States Mortgage Relief Programs Aren't Helping Much

As the Senate continues work on its $15 billion mortgage relief bill next week, states will be keeping a close eye on one measure: it would authorize them to issue an additional $10 billion of tax-exempt housing bonds to fund mortgage programs.

Up until now, efforts by states to help distressed homeowners refinance have had negligible results. The new measure would give them additional tools. Still it's unlikely to help them refinance large numbers of borrowers with subprime mortgages.

States currently can sell tax-exempt bonds to finance mortgage assistance to first-time home buyers and those who buy homes located in economically disadvantaged areas. The proposed legislation would allow states to use these bonds to help homeowners refinance as well and allow states to issue more tax exempt bonds to finance their mortgage programs. The additional funds would be allocated on a per capita basis.

Some states are already trying to help. In an effort to stem rising foreclosures, nine states -- including Ohio, Maryland, Illinois and New York -- have started or are preparing to start refinance programs aimed at subprime borrowers facing interest-rate resets, according to the National Governors Association.

The problem, however, is that the refinance programs are turning out to be far less effective than officials had hoped, in part because borrowers seeking state help tend to be in such bad financial shape they don't qualify. Healthier borrowers are bypassing the state programs and seeking other options to refinance their subprime loans, such as the Federal Housing Administration, which has already refinanced 145,000 mortgages in the past seven months.

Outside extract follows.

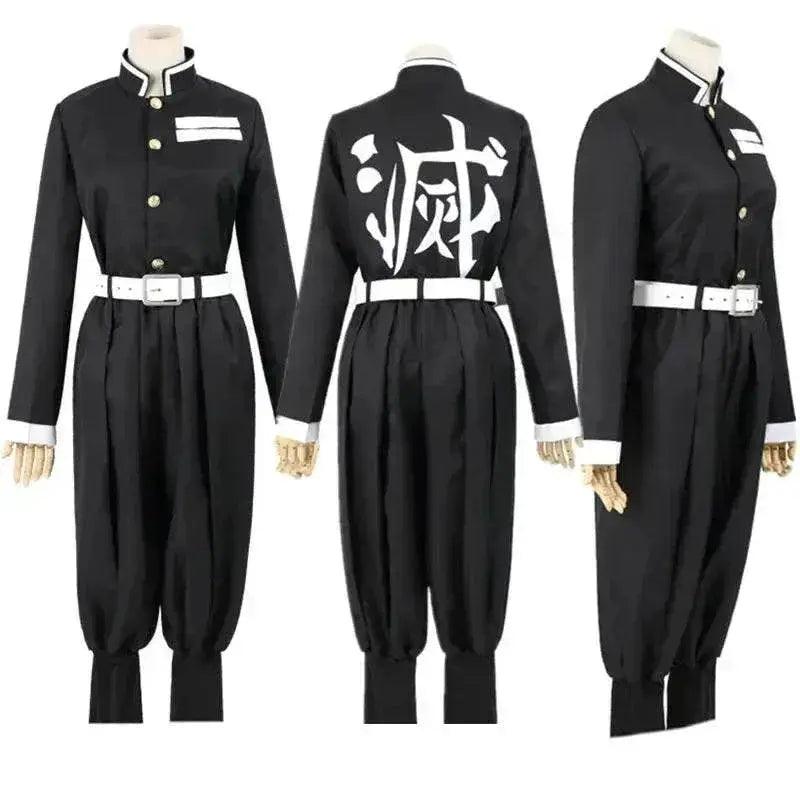  Epic Demon Slayer Cosplay Costume 2Pc Toyland EU -  ToylandEU™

"Our experience, like the experience of other states, is that refinance programs have limited success," says Philip Lentz, a senior vice president with the State of New York Mortgage Agency, which has refinanced just three borrowers since its "Keep the Dream" program, aimed at those with subprime mortgages, began accepting applications in September; it has another 17 loans in the pipeline. The legislation "will allow us to be more flexible," Mr. Lentz says. But it won't, for instance, make it possible to refinance borrowers whose loans are underwater.

Other state officials say the measure would lower their costs, making the loans they offer a more attractive alternative. They say it also would allow them to make more loans to first-time homebuyers and help homeowners who aren't in serious financial trouble refinance.

"It adds another tool for us," says Clarence J. Snuggs, deputy secretary of the Maryland Department of Housing and Community Development. "But I don't think refinancing is going to resolve the lion's share" of mortgage problems, he adds. "Restructuring [loans] is going to the place where most people get relief."

The state bond measure before Congress isn't likely to address one of the fundamental problems for the refinance programs: many borrowers don't qualify because they have missed too many payments or owe more than their home is worth. Maryland, for instance, has closed 18 loans since its "Lifeline" refinance program was announced in June and has another 17 in the pipeline.

The Ohio Housing Finance Agency tried to boost participation in its subprime refinance program by relaxing underwriting guidelines, and ran an eight-week radio advertising campaign to boost awareness. Still, the program has refinanced just 37 borrowers.

Many borrowers "have credit problems that go beyond our expanded criteria," says Cindy Flaherty, director of special projects.